With its vast user base and the numerous interactions that occur daily, LinkedIn generates an enormous amount of data every day. The billions of data points fuel various applications, from rankings to search. The addition of AI features has added further complexity to the platform. 

LinkedIn relies on a massive data lake architecture to handle this vast volume of data. This enables efficient access to datasets generated by the platform. However, managing and utilizing such a large architecture remains a massive infrastructure challenge. 

To some extent, utilizing data pipelines has helped LinkedIn address these challenges. The data pipelines continually consume data from different sources and transform it for analytics. Timely execution of these pipelines is critical for extracting meaningful insights from the platform’s data. 

To further enhance the process, LinkedIn has announced the launch of LakeChime, a unified data trigger solution designed to streamline data management within the data lake. Powered by an RDBMS backend, LakeChime is capable of handling large-scale data triggers in very large data lakes, such as those used by LinkedIn. 

While Metadata provides the essential information about the data stored in the data lake, data triggers respond to changes in the metadata by signaling that new data is available for processing. 

Table formats used in the data lake play a key role in deciding data trigger primitives and semantics. Until recently, the Apache Hive table format has been the most popular choice for data lakes. Hive’s limitations in the form of partial data consumption and coarse granularity has made it less popular. 

Data lakes have evolved towards modern table formats like Apache Iceberg, Delta, and Apache Hudi. However, significant challenges remain including how to handle the scale, latency, and throughput of metadata in modern table formats.

There are also the challenges in how to migrate a data lake that relies on Hive partition semantics for data triggers and how to present abstraction for data triggers as a concept to the user. 

LinkedIn aims to solve some of these key challenges through LakeChime. It offers full backward compatibility with Hive by supporting partition triggers for all data types. The snapshot trigger semantics offer forward compatibility with modern table data formats. 

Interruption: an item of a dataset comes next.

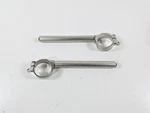 2024 Yamaha Yzf R1 RN65 Clip On Handlebar Set 2CR-26121-00-00 B3L-26122-00-00. Fixed Price $139.99.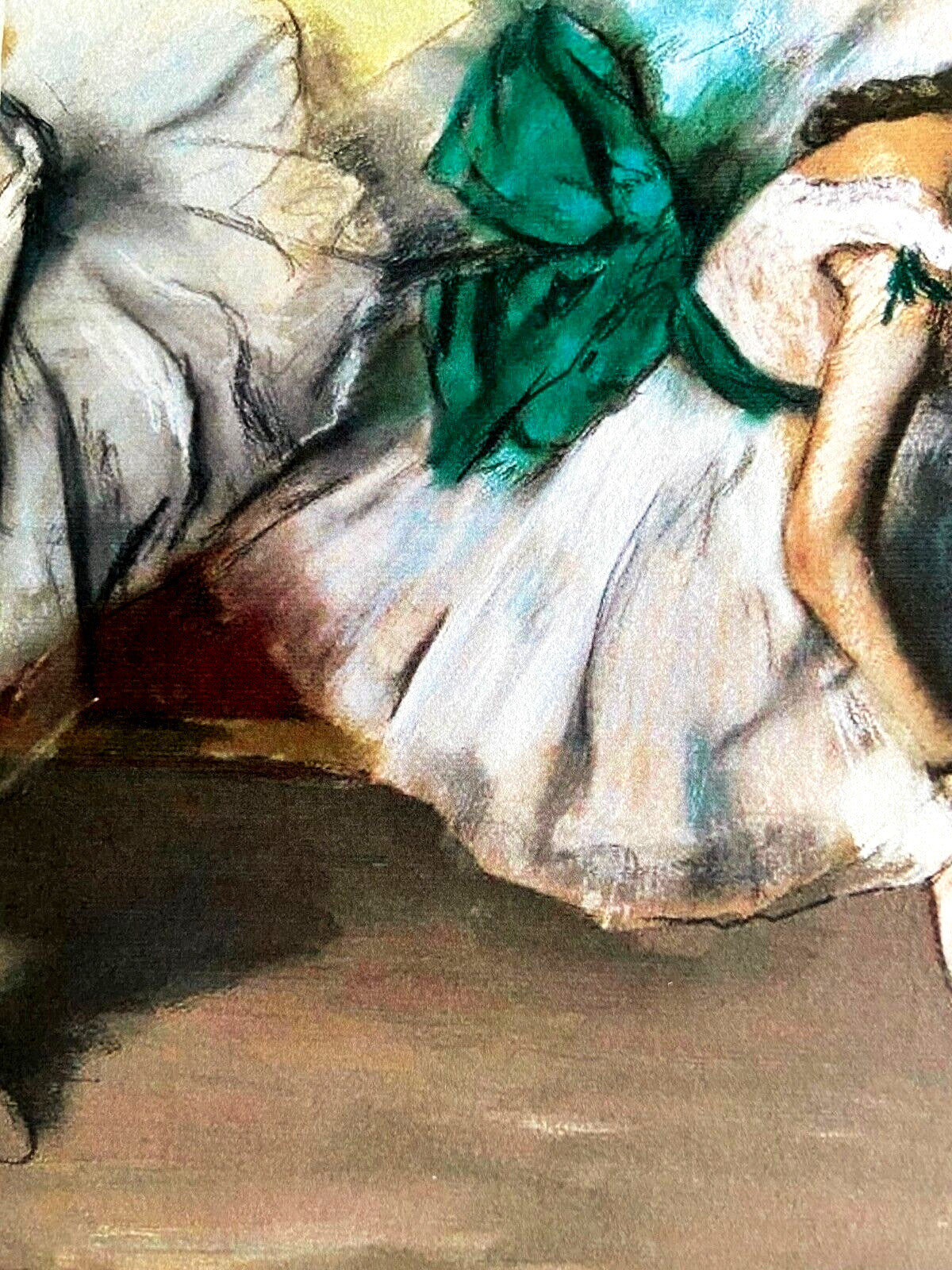 Edgar Degas Lithograph 1943 Coa Mourlot Published Signed Op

(ArtemisDiana/Shutterstock)

The added benefit of snapshot triggers is that they offer a significant upgrade in UX compared to traditional partition triggers by enabling both low-latency computation and the ability to catch up on late data arrivals.

LakeChime is built to facilitate the migration of data lakes from the Hive table format to more modern formats. Another key feature of LakeChime is its ability for incremental computation at scale, bridging the gap between batch and stream processing. This provides a gateway to more efficient compute workflows. 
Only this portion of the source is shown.